Officials from the agency began taking testimony in a public hearing last week as they made their first steps toward the expected rollback of the regulation signed by former President Barack Obama. The rule aims to reduce methane emissions from oil and gas drilling, which the industry opposes as costly and unnecessary.
On Monday, activists and industry officials gave testimony on why the regulation should or should not be amended.
“We live under the highest concentration of methane pollution in the U.S., and it’s proven to come from oil and natural gas production sites,” Emily Bowie of Colorado said. “The idea that EPA would turn a blind eye to the truth and willingly put people in my community at risk on the whims and desires of industry is unacceptable.”
Howard Feldman, senior director for regulatory and scientific affairs at the American Petroleum Institute, countered: “EPA’s 2016 rule failed to account for all of the costs associated with the final rule requirements and did not provide significant environmental benefit.
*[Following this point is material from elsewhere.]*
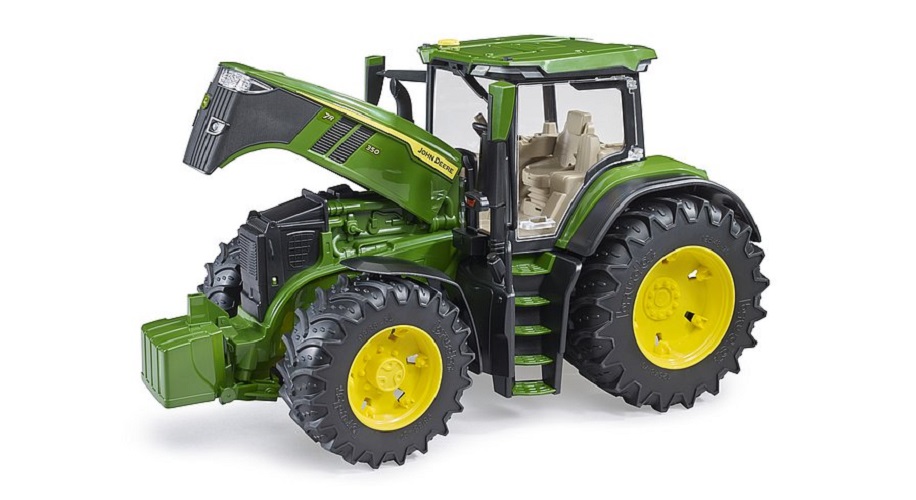 BRUDER John Deere 7R 350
The last thing we need are more duplicative and costly regulations that could increase the cost of energy.”
The methane regulation was scheduled to go into effect in June, but EPA Administrator Scott Pruitt ordered a 90-day delay that he tried to extend two years before environmental groups sued.
The Circuit Court of Appeals in Washington recently ruled Pruitt’s delay was “unreasonable,” “arbitrary” and “capricious,” ordering EPA to enforce the rule while it goes through the process of rewriting it.